This has been a big year for the UFC, and one of the major components to that big year was the two back-to-back fights between Conor McGregor and Nate Diaz. The original fight at UFC 196 and the rematch at UFC 202 both broke records to become the biggest pay-per-views in UFC history, and the fights themselves were legendary barnburners that left fans thrilled and exhilarated.
So of course the UFC would be interested in a rubber match between Conor McGregor and Nate Diaz to settle the score, right? Wrong!
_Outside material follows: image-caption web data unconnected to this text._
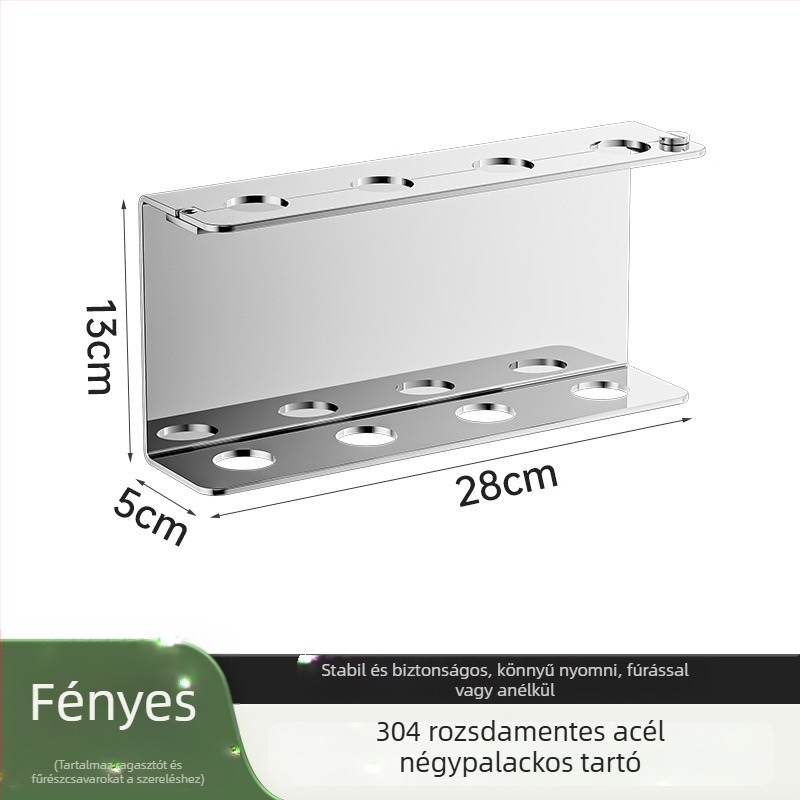 304 rozsdamentes acélból készült szappanadagoló, falra szerelhető, fúrás nélküli, kézi nyomású működés, polírozott felület, modern stílus, szállodai fürdőszobákhoz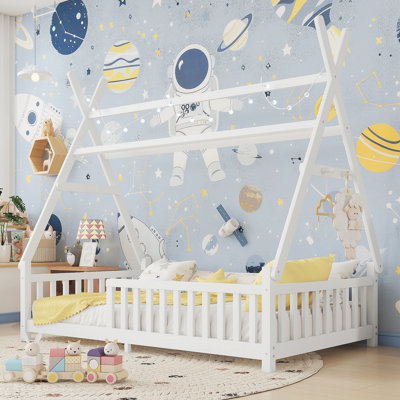Twin House Bed with Light, Low Floor House Bed with Fence and Roof for Kids ,White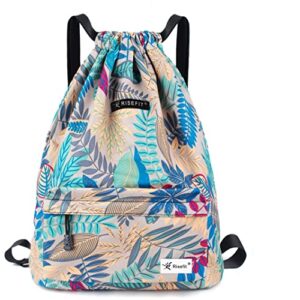 risefit waterproof drawstring bag, gym bag sackpack sports backpack for men women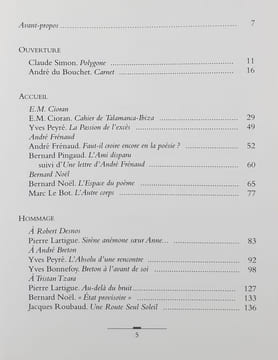 Cahiers de la bibliothèque littéraire Jacques Doucet - Numéro 1 - . DU BOUCHET (André) - CIORAN (E.M.) - SIMON (Claude) - NOEL (Bernard) - PEYRE ...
For some reason, this popular idea amongst the fans is just the latest massive fight that UFC president Dana White wants nothing to do with.
“You can’t do three,” White said in extended interview with radio station Hot97, via Fox Sports. “[Conor] ends up saying ‘let’s do this Nate Diaz thing’ and dude, he’s two weight classes heavier than you and he doesn’t care. So we do the fight. Conor has to try to weigh 168 when they’re weighing in at 170. The night of the fight, Diaz comes in at 190. Now Conor McGregor is a 45, 55 pound guy and if you look at the wars he’s had with Diaz, you can only have so many of those wars in your career. It doesn’t make sense. That’s why we have weight classes. It ended up being an amazing fight, but you don’t want to keep doing that.”
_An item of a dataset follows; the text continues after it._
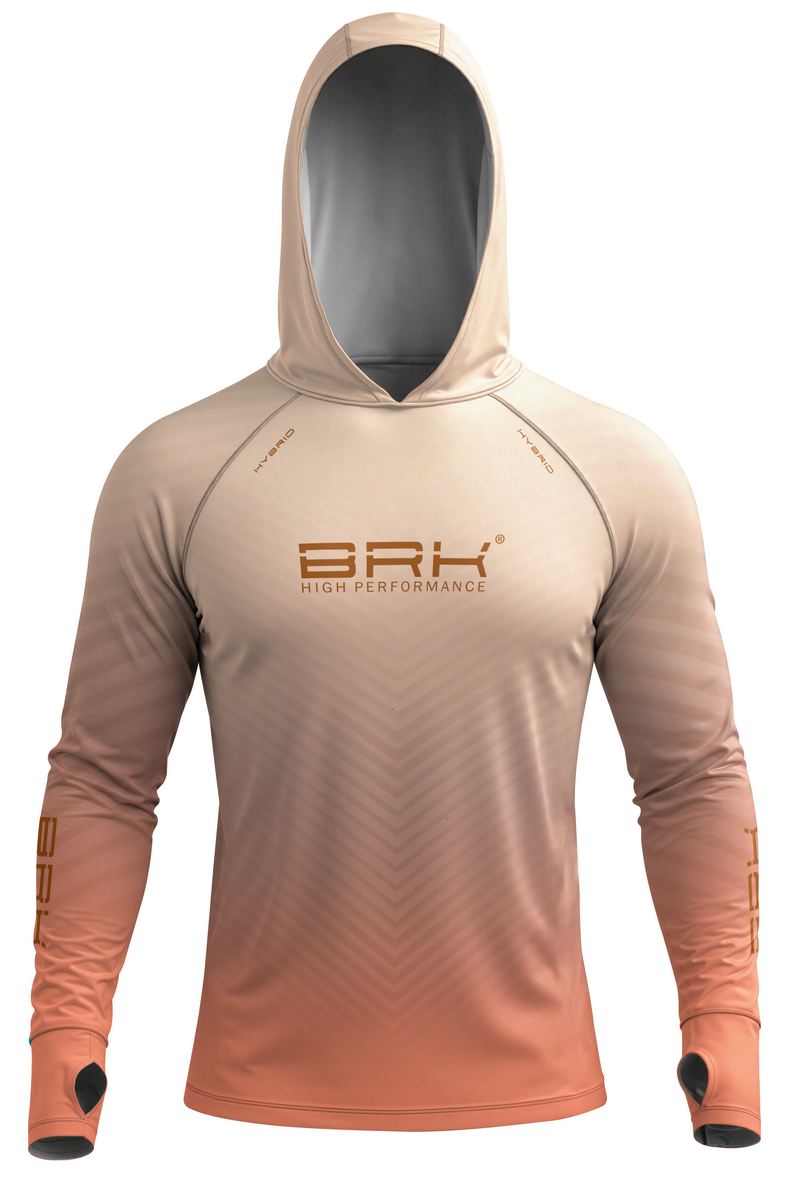 Camisa de Pesca Brk com Capuz Hybrid Bege e Laranja Degradê com Proteção Solar UV50+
That’s ignoring the fact that Nate Diaz has fought at 155 pounds for most of his career and the first fight was only contested at 170 because it was put together too late for an out of shape Diaz to do a proper weight cut. But we get it — White has other ideas for McGregor, ideas that ideally involve defending the featherweight title he took off Jose Aldo in December of 2015. Maybe McGregor and Diaz can scrap away down the road?
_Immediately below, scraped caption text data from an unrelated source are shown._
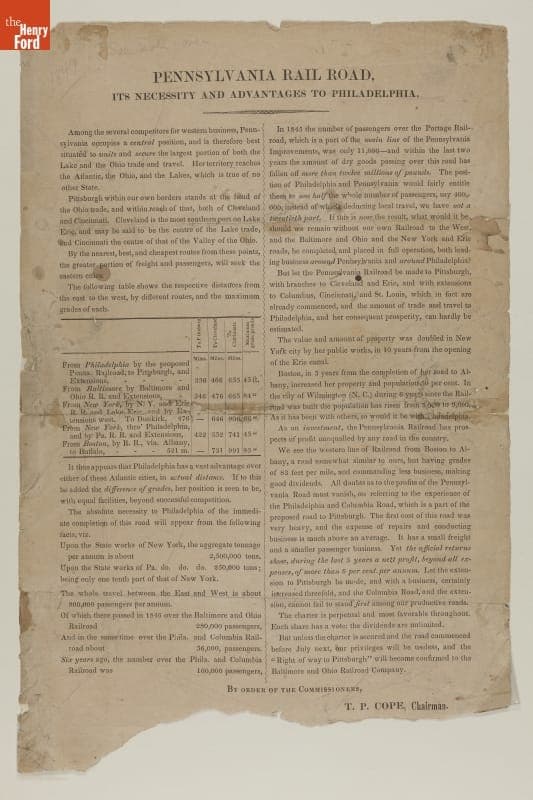 Broadside, "Pennsylvania Rail Road, its Necessity and Advantages to Philadelphia," 1847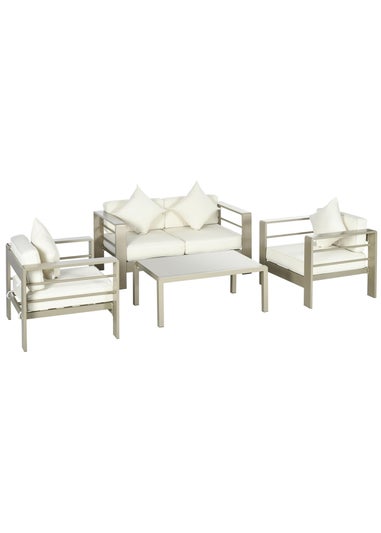 Outsunny 4 PCs Aluminium Garden Furniture Set with Thick Padded Cushion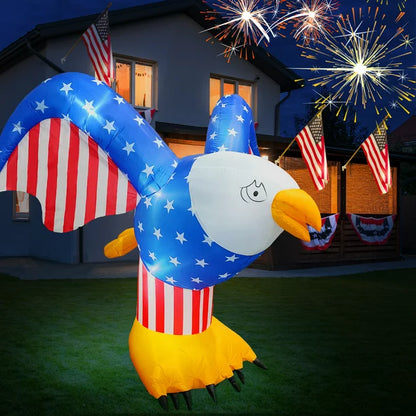 6Ft Independence Day Inflatable, 4th of July Inflatable American Bald Eagle Blow up Inflatables Decorations for Veteran's Day Party Indoor Outdoor Garden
“I don’t know,” White concluded. “1-1’s good, they shouldn’t have fought in the first place. We’ll see what happens.”
What a strange answer regarding the biggest fights in the UFC’s history. Does Dana White not like money? He didn’t want Conor McGregor facing Eddie Alvarez at UFC 205 either, instead pushing for McGregor to face Aldo. Now that he’s cashed out his 10 percent stake of the $4 billion UFC sale, are his priorities somewhere else now? It just seems odd that a matchup the fans want that basically guarantees truckloads of money seems to inspire no desire in him.